● **Your goal**:
Only one stretch of the data below should be repeated: the lines from the line containing "इलाहाबाद हाईकोर्ट ने" through the line containing "Spacious Rustic 2br", inclusive, exactly as they are.

● **Items from a data source**:
★ ★ ★ ★ ★

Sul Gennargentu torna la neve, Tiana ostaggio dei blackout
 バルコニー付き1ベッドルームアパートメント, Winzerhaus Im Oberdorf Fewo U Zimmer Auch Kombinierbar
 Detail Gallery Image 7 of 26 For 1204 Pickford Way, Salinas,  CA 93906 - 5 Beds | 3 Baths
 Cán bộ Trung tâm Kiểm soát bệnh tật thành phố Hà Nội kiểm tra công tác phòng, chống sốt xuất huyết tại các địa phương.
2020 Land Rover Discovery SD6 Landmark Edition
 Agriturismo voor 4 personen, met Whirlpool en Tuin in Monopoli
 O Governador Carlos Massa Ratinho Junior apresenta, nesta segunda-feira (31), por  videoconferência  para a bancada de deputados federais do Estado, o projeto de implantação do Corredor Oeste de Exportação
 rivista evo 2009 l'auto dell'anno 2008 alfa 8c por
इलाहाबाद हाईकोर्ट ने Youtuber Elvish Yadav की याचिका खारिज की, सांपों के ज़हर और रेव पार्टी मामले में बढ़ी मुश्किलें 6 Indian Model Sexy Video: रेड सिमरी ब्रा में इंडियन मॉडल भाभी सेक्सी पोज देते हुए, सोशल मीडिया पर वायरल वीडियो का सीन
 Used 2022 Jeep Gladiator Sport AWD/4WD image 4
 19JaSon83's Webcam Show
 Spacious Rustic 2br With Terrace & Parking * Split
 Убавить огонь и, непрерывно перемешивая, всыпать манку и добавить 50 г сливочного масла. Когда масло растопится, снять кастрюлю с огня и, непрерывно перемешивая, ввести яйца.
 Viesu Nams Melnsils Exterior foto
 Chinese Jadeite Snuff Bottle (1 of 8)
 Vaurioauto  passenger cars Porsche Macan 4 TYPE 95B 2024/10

★ ★ ★ ★ ★

● **Result for this exercise**:
इलाहाबाद हाईकोर्ट ने Youtuber Elvish Yadav की याचिका खारिज की, सांपों के ज़हर और रेव पार्टी मामले में बढ़ी मुश्किलें 6 Indian Model Sexy Video: रेड सिमरी ब्रा में इंडियन मॉडल भाभी सेक्सी पोज देते हुए, सोशल मीडिया पर वायरल वीडियो का सीन
 Used 2022 Jeep Gladiator Sport AWD/4WD image 4
 19JaSon83's Webcam Show
 Spacious Rustic 2br With Terrace & Parking * Split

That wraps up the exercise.